## RECORDS PROVIDED
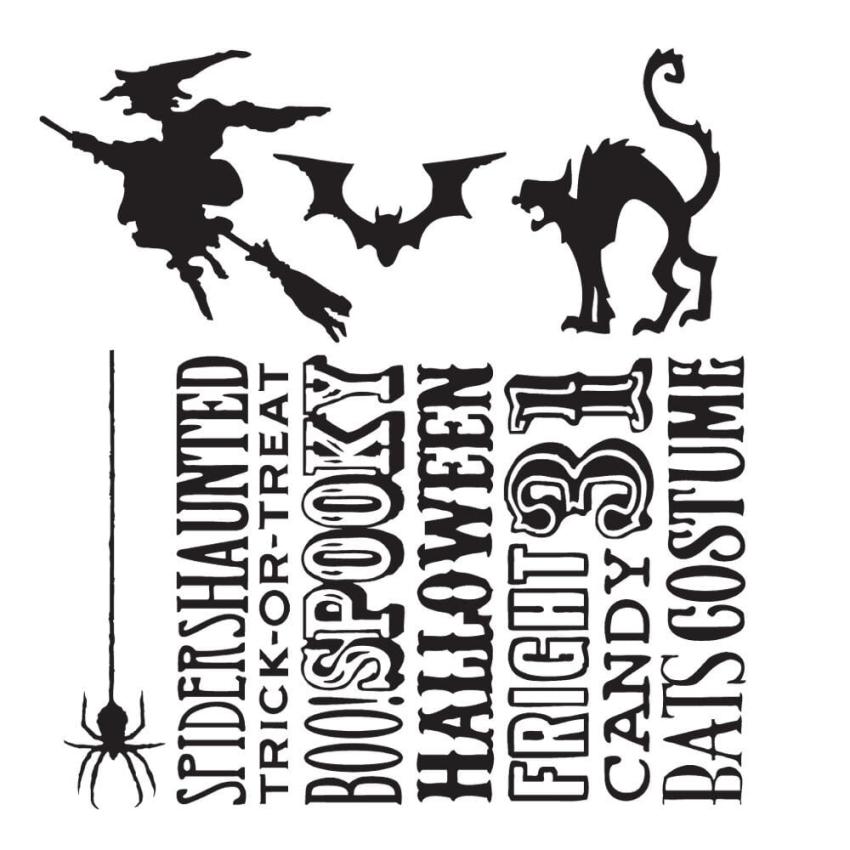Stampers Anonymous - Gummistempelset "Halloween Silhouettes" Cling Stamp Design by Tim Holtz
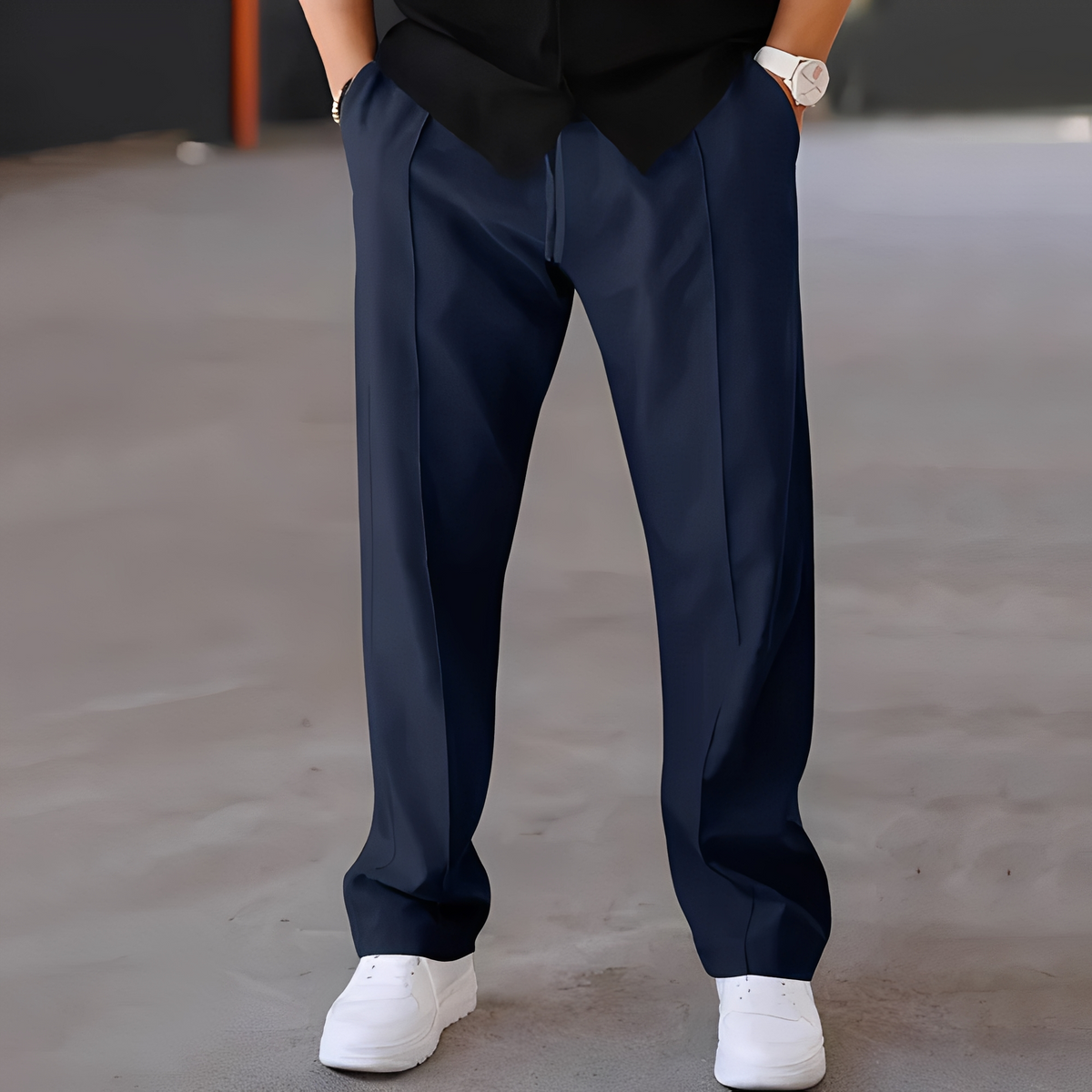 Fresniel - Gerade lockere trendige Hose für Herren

...

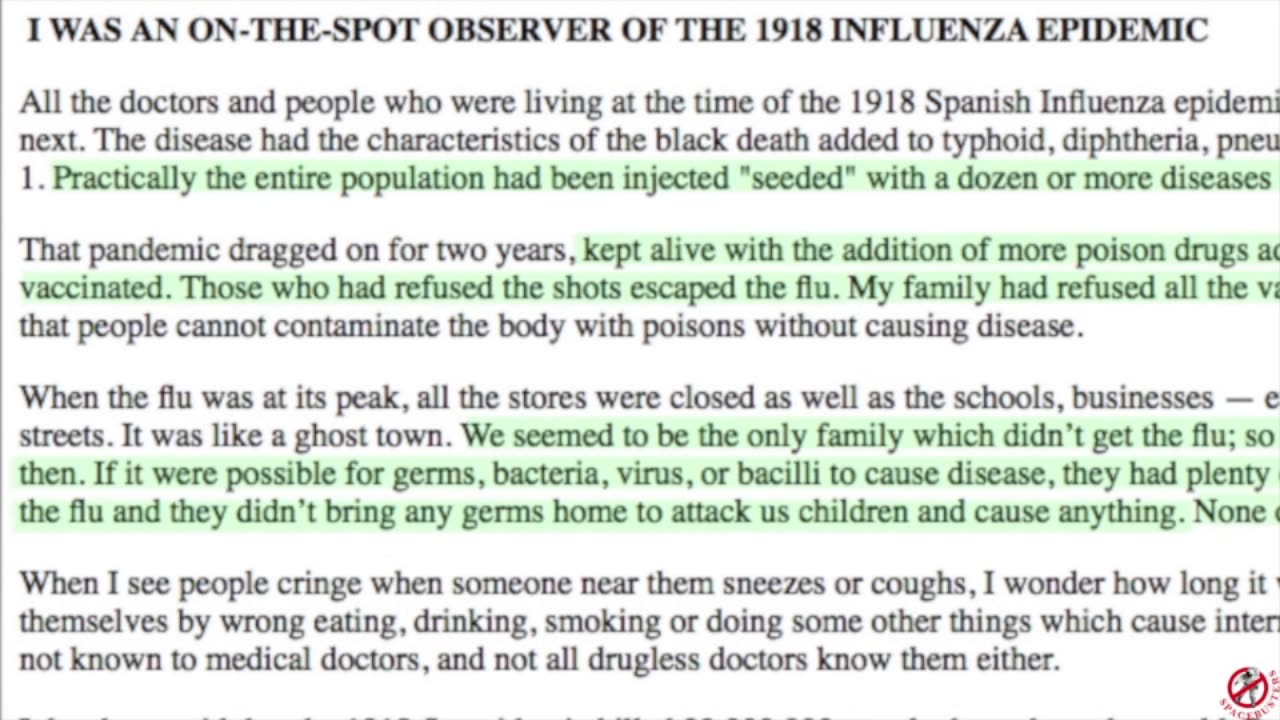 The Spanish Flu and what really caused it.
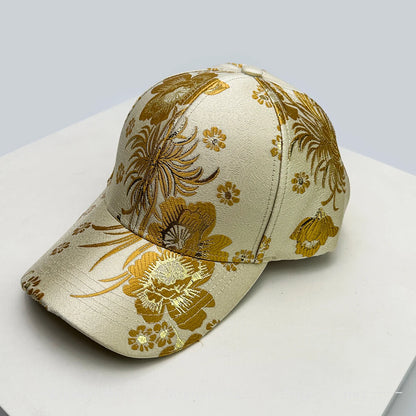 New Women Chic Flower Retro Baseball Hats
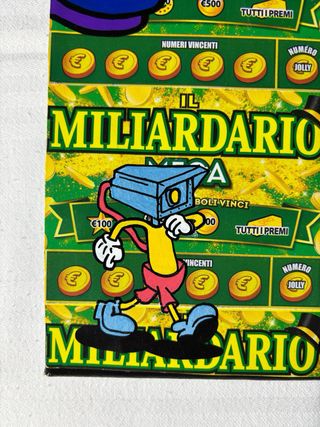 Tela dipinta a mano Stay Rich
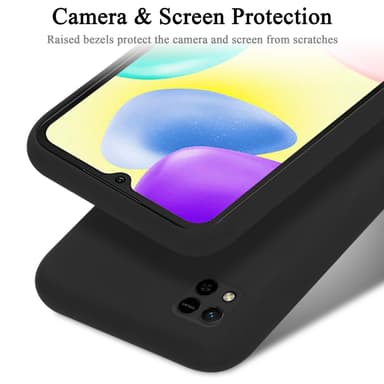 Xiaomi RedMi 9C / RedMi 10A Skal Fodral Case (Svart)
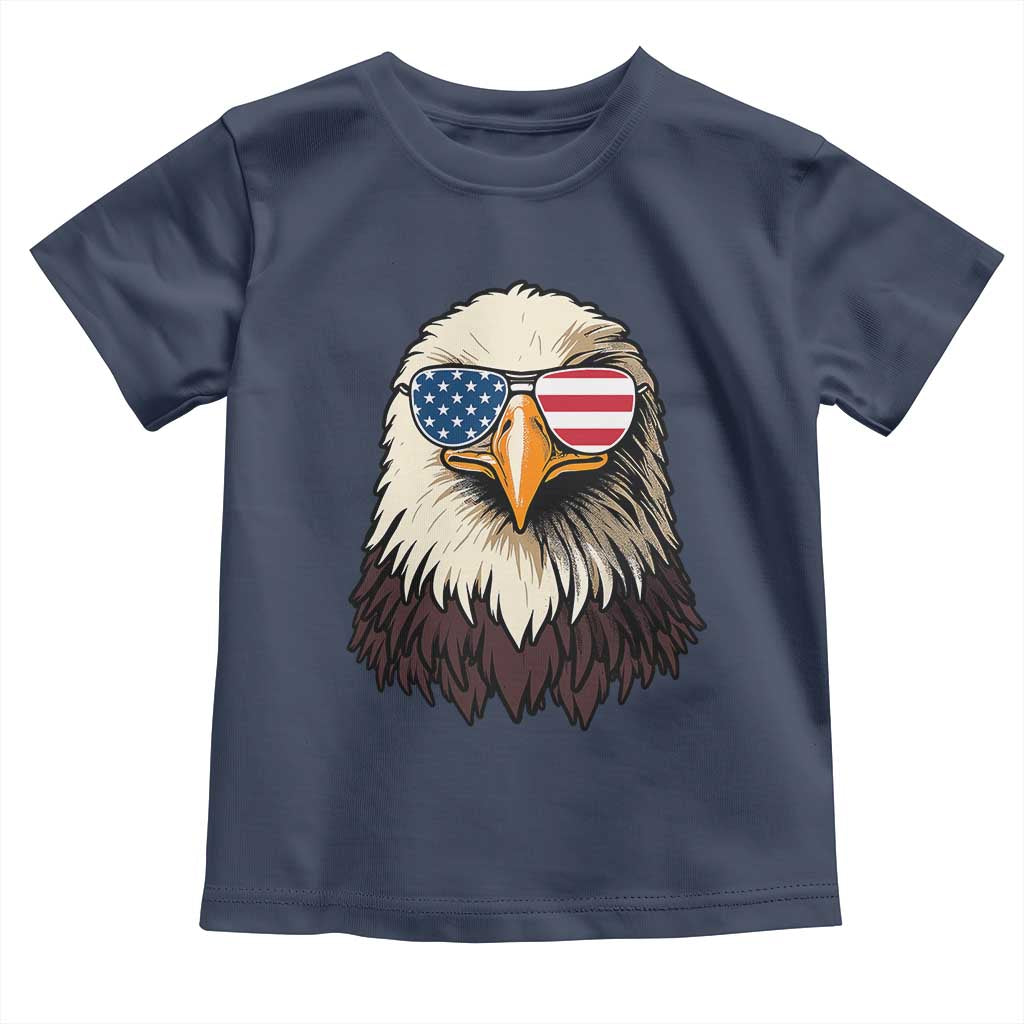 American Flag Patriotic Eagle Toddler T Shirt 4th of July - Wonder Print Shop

---

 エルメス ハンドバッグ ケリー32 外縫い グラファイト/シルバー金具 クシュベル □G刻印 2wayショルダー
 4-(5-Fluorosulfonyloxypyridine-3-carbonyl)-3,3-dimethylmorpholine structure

## ABOUT THIS EXERCISE
Each line above that falls between the line with "New Women Chic Flower Retro Baseball Hats" and the line with "American Flag Patriotic" should be printed exactly, together with those two lines, but the pictures should not.

## WRITTEN SOLUTION
 New Women Chic Flower Retro Baseball Hats
 Tela dipinta a mano Stay Rich
 Xiaomi RedMi 9C / RedMi 10A Skal Fodral Case (Svart)
 American Flag Patriotic Eagle Toddler T Shirt 4th of July - Wonder Print Shop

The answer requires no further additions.